Los Angeles Testing National Cop Registry to Track Police Misconduct

Los Angeles Testing National Cop Registry to Track Police Misconduct


Los Angeles is set to test the LEWIS Registry, the first comprehensive national database of police officers who have been terminated or resigned due to misconduct.

Named after the late Georgia congressman and civil rights leader John Lewis, the Law Enforcement Work Inquiry System or LEWIS Registry aims to bring transparency and accountability to law enforcement nationwide, NBC News reports. The USC Safe Communities Institute (SCI) announced the pilot roll-out of the LEWIS (Law Enforcement Work Inquiry System) Registry on Monday.

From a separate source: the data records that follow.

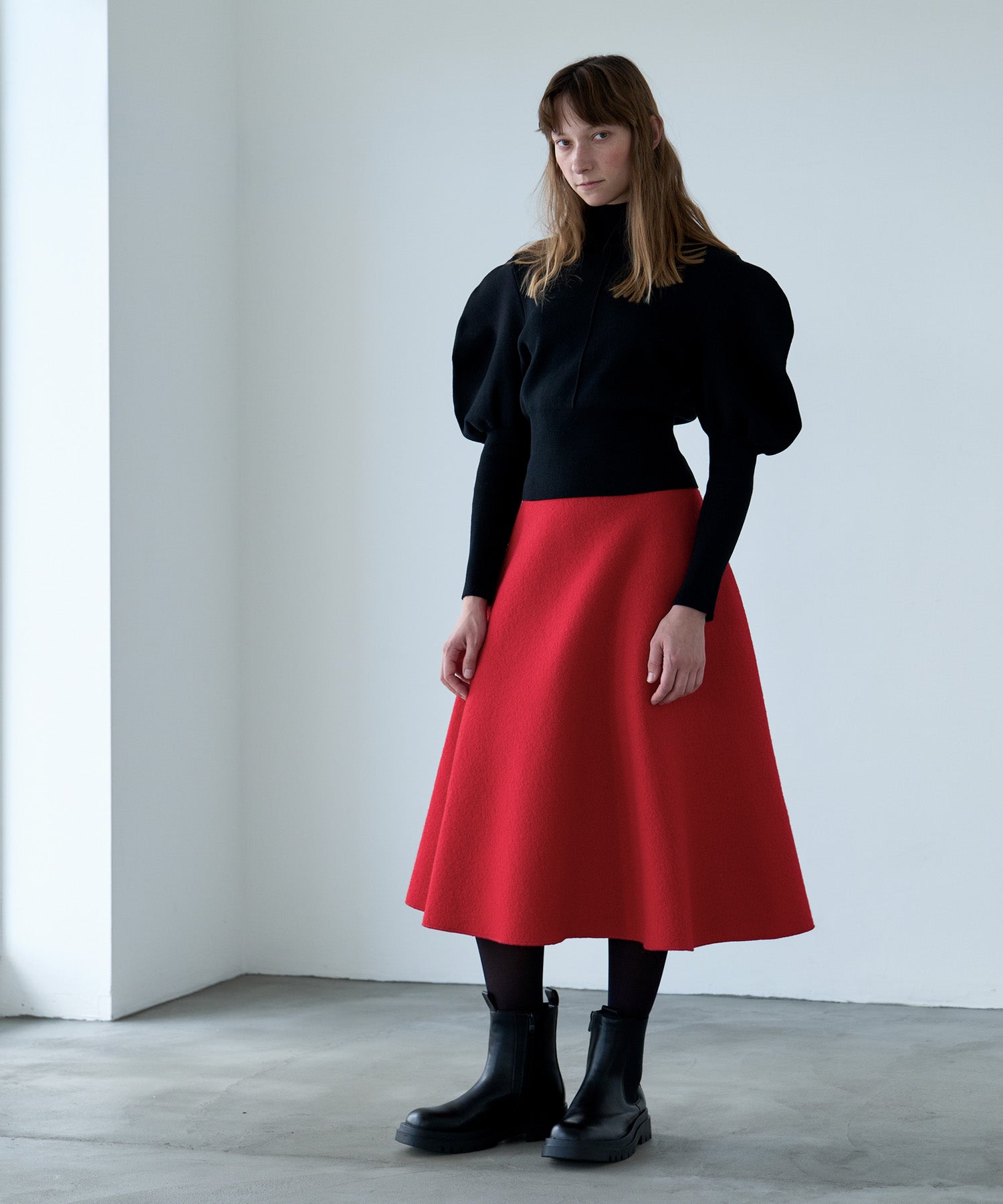 VOLUME SLEEVE HIGH NECK KNIT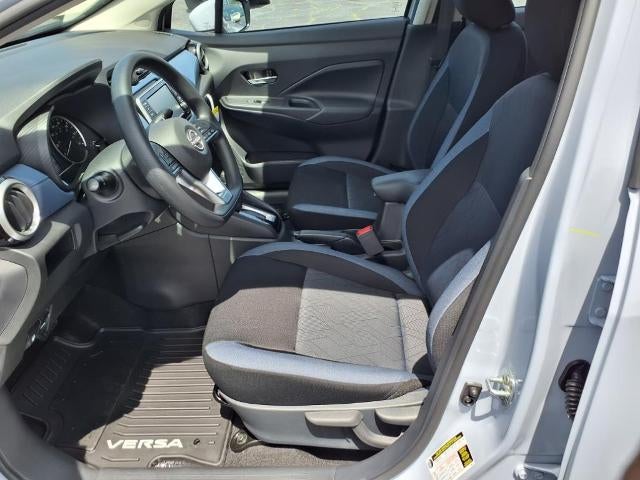 2025 Nissan Versa SV CVT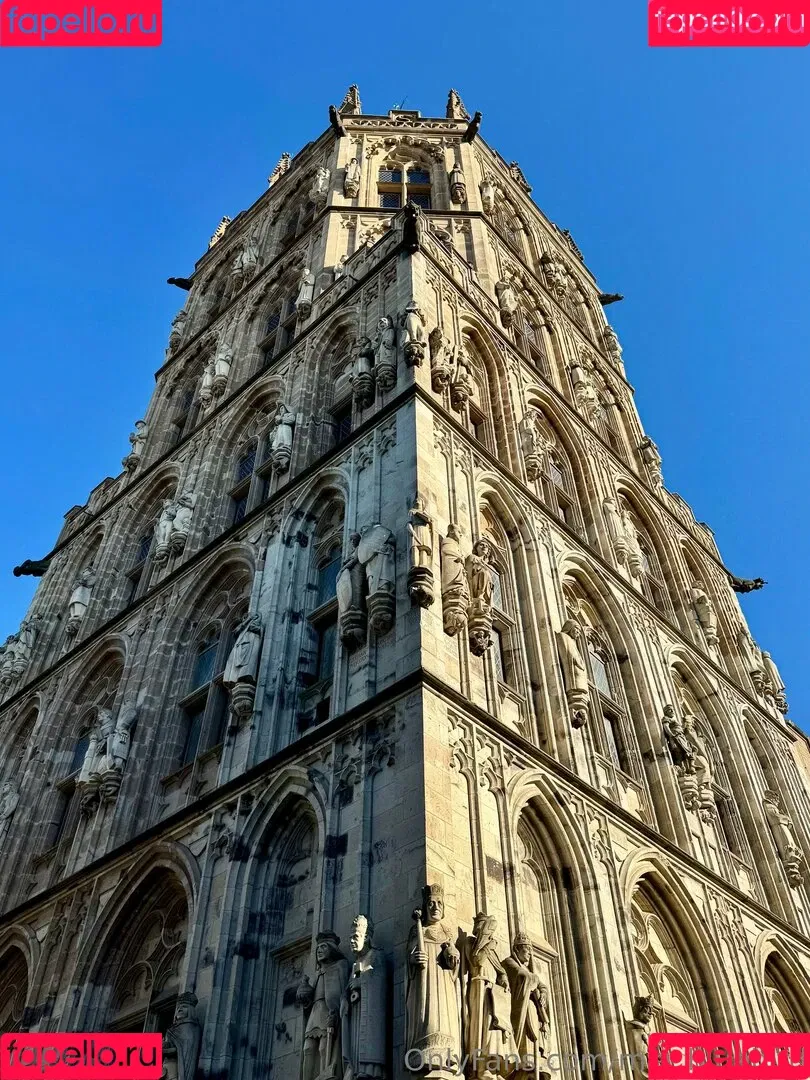 Mia_bluebird / clarathestudent / miabluebird Onlyfans Photo Gallery 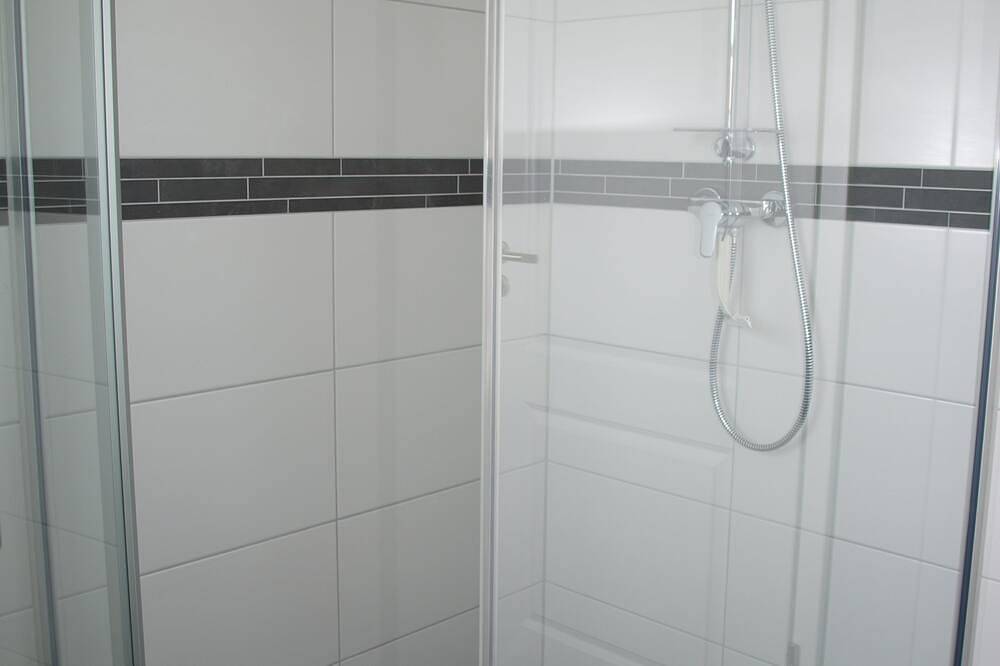 Ganze Wohnung, Ferienwohnung Lühe - Ferienhaus Am Elbdeich in Grünendeich, Altes Land Stade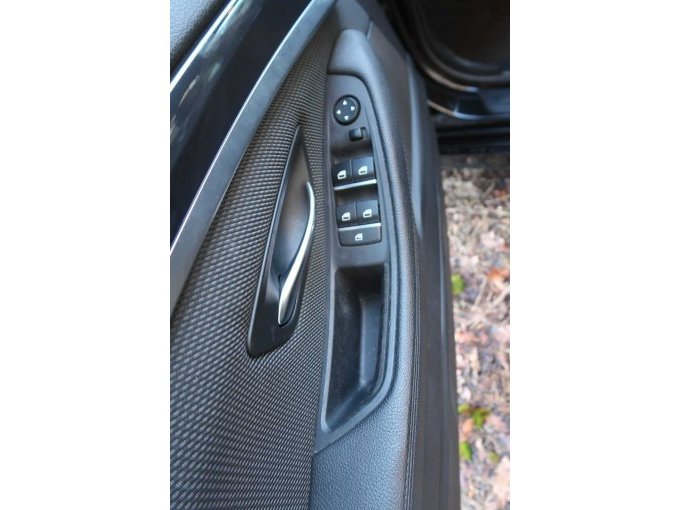 Fahrertür mit Bedienelementen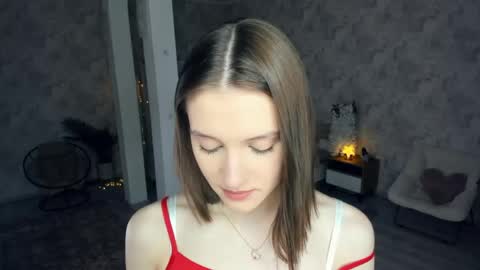 Snapshot of lesigrace chatting on May 1, 8:19 am Sanem online show from May 1, 8:19 am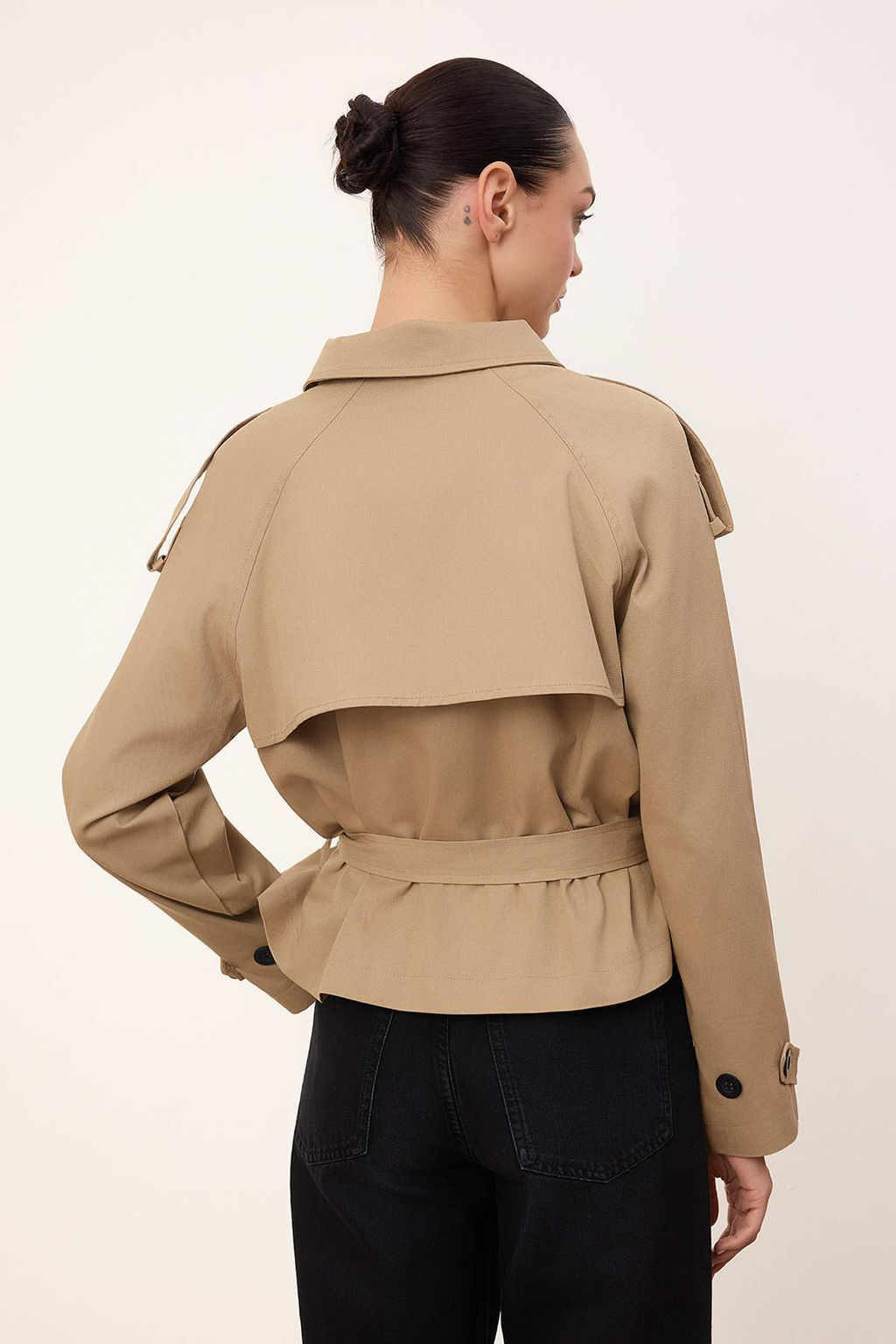 Bej Regular Dik Yaka Kemerli K?sa Trenckot TWOSS26TR00004 - Trendyolmilla фото 7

The registry uses public records from sources such as official department statements, court records, police notices, news reports, and other open sources, to document details of a police officer’s history of misconduct. The database keeps track of reports related to incidents of excessive force, corruption, domestic violence, sexual assault, harassment, perjury, hate group affiliation, or filing a false police report. The system serves to prevent terminated or resigned officers from getting rehired at another police department.

“A national police misconduct registry of abusive, violent and corrupt police officers is necessary to ensure transparency,” said U.S. Rep. Karen Bass (D-CA 37rd District). “This will hold officers accountable to the people they are supposed to serve and protect, as well as prevent bad officers from leaving one department and being hired in another.”

State laws have protected the personnel records of reprimanded officers for years. But California lawmakers are working to pass legislation that would force departments to decertify officers with serious misconduct history so that they cannot get hired by another agency.

“The common term is called bouncing and they bounced from department to department. California, unfortunately, is one of five states that when you get terminated, you keep your post,” Dr. Erroll Southers, director of USC Safe Communities Institute, and a former police officer and FBI agent.

 

He continued. “We’re only focused on officers that have been terminated, resigned due to misconduct so they can’t go to another department. We think that agencies across the country need to know who they are. They need to know where they came from and to give them an opportunity to not rehire them.”